> [Problem to work on]
Pictures aside, reproduce exactly and only the lines below, starting at the one containing "Hyundai Kona 2018" and ending at the last line.

(Beginning of Exercise data)

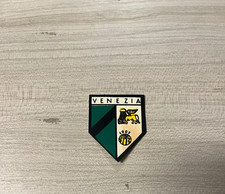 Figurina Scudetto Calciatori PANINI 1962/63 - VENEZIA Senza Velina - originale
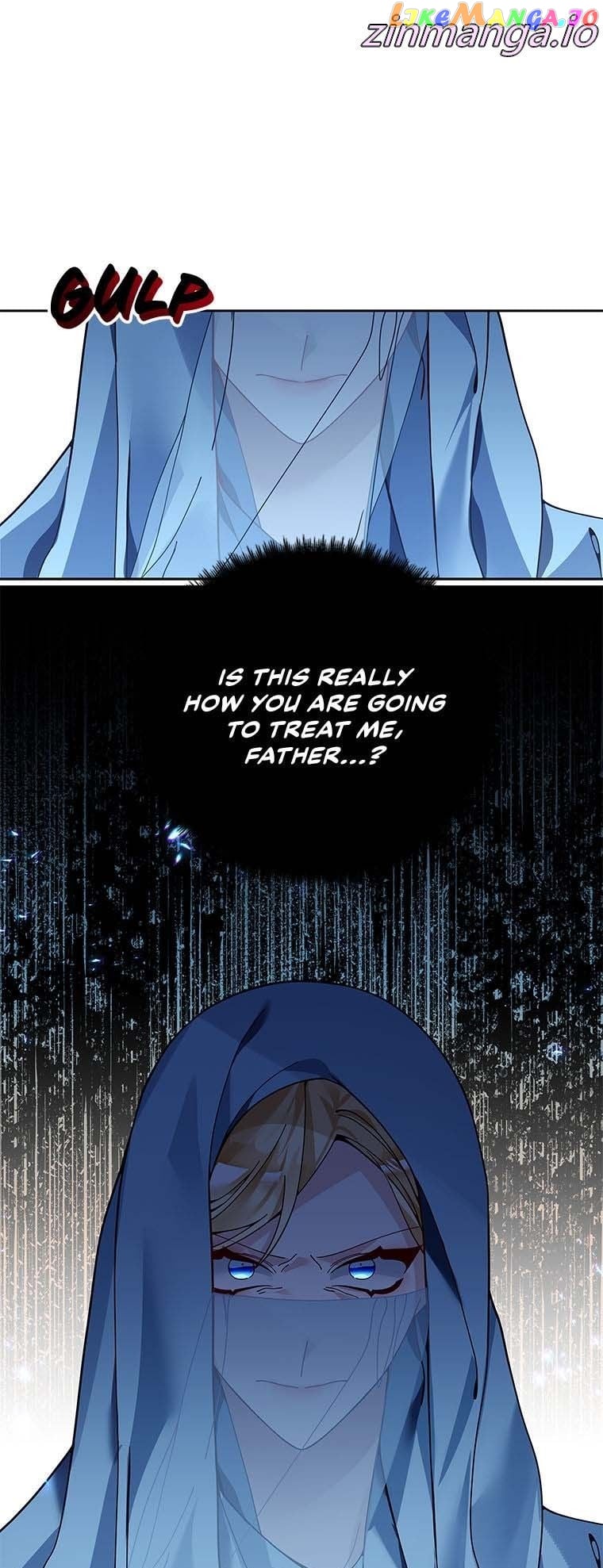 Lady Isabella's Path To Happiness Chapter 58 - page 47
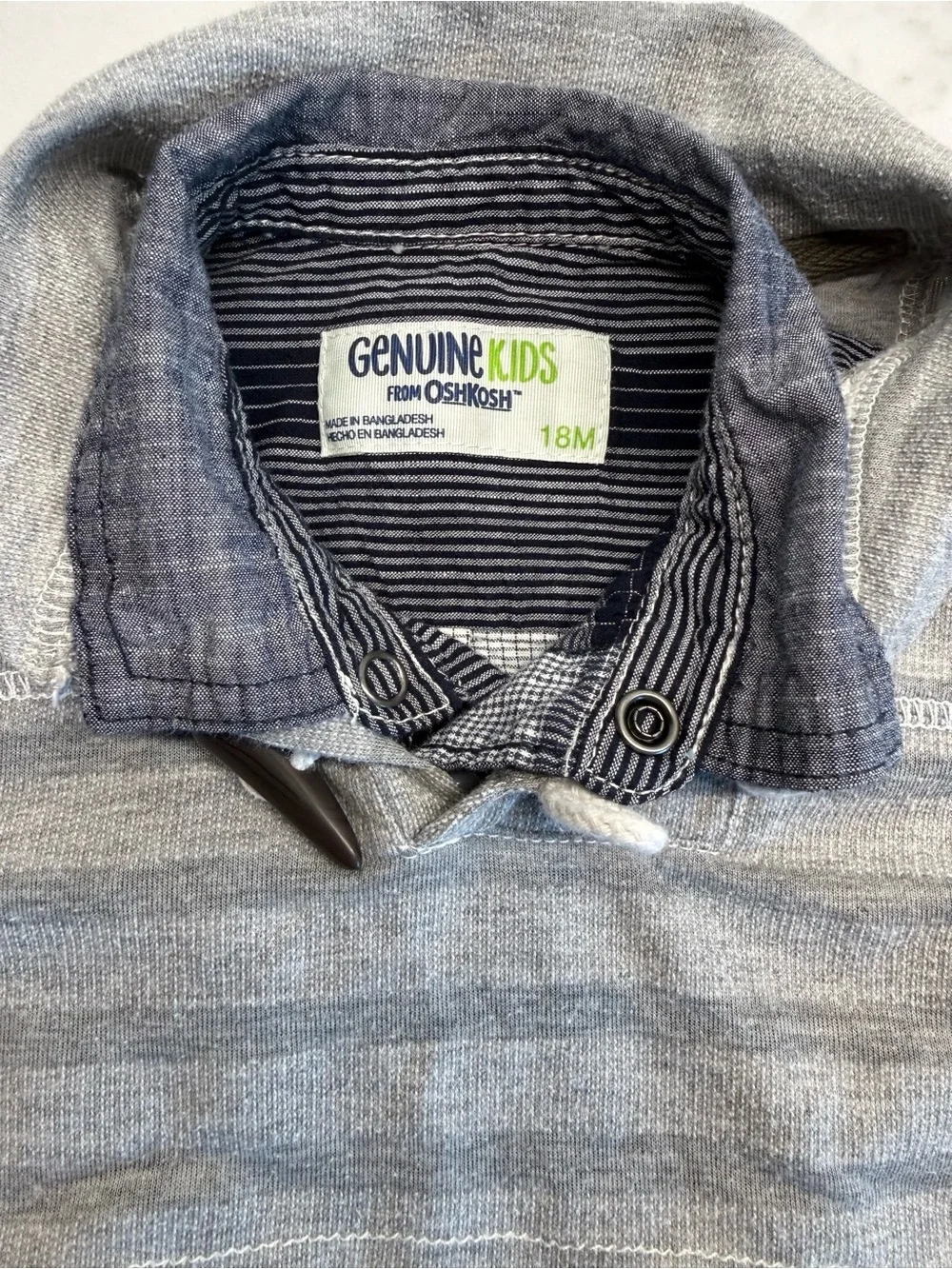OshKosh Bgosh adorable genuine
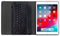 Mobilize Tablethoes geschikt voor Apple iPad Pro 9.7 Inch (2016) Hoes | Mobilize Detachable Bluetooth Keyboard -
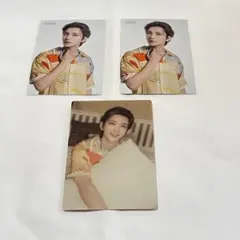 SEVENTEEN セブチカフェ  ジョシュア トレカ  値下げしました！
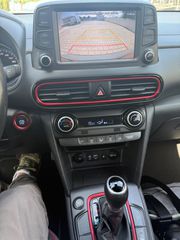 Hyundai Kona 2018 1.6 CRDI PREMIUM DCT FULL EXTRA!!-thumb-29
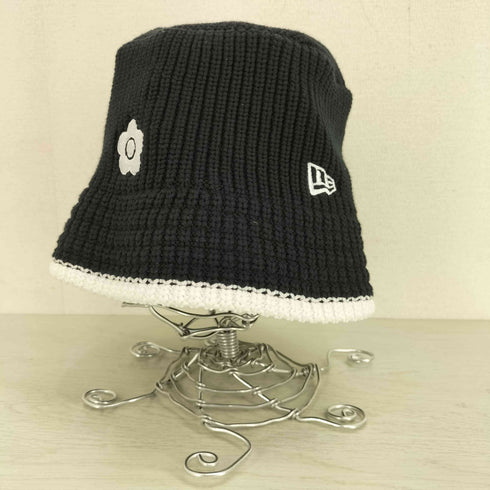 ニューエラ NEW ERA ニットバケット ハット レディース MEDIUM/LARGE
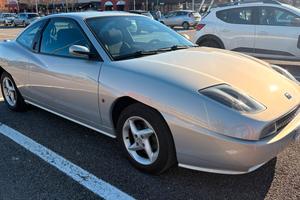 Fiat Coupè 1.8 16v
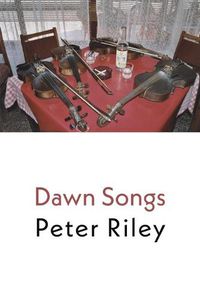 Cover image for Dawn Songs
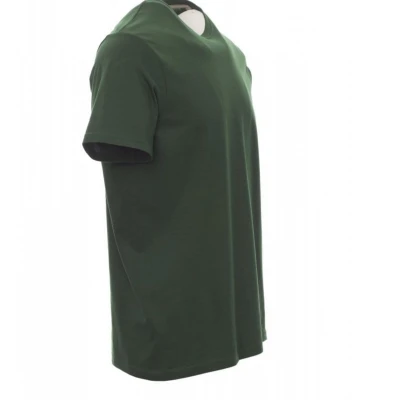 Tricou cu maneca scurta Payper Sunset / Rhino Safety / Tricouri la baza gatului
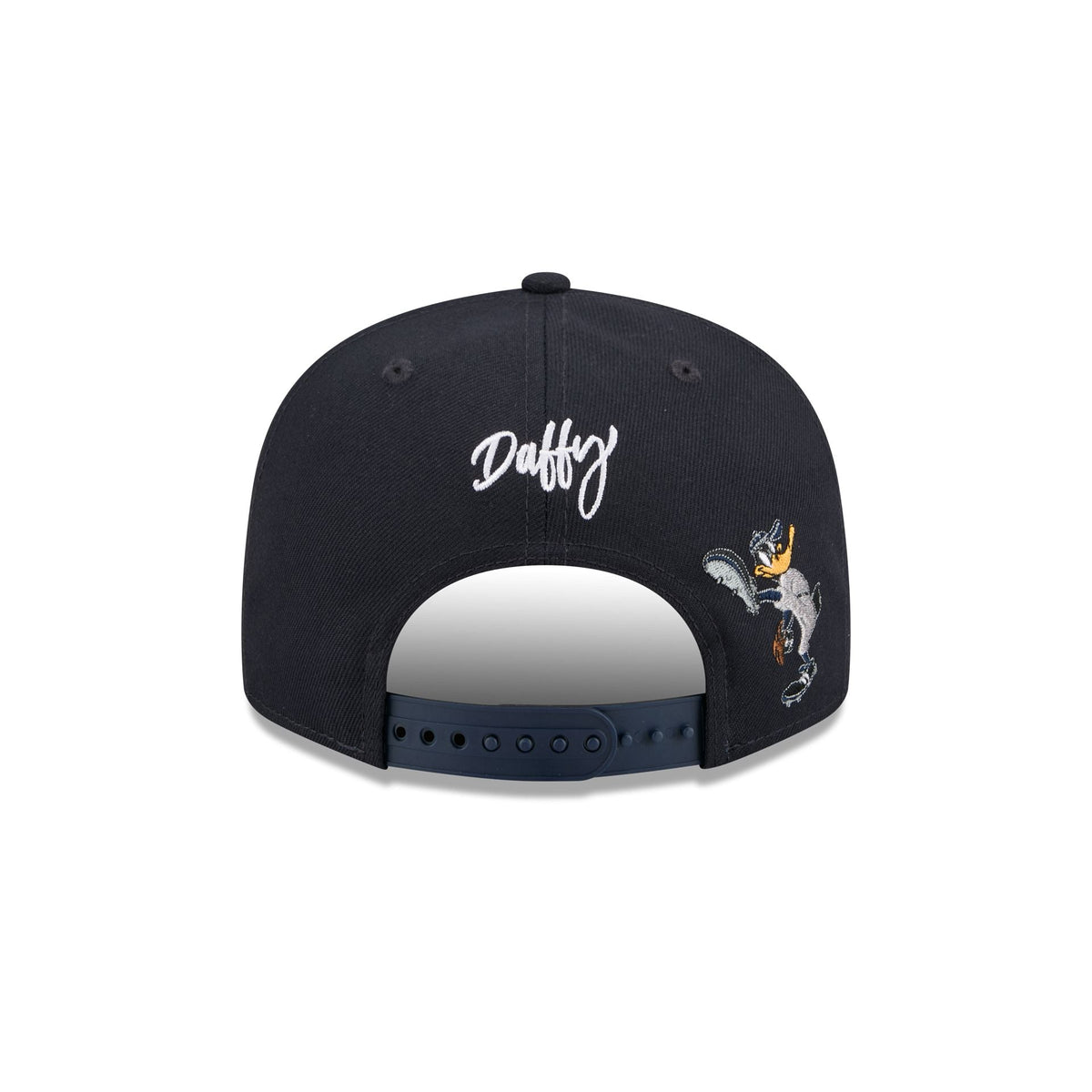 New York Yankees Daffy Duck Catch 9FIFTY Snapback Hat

(End of Exercise data)

> [Exercise result]
 Hyundai Kona 2018 1.6 CRDI PREMIUM DCT FULL EXTRA!!-thumb-29
 ニューエラ NEW ERA ニットバケット ハット レディース MEDIUM/LARGE
 Fiat Coupè 1.8 16v
 Cover image for Dawn Songs
 Tricou cu maneca scurta Payper Sunset / Rhino Safety / Tricouri la baza gatului
 New York Yankees Daffy Duck Catch 9FIFTY Snapback Hat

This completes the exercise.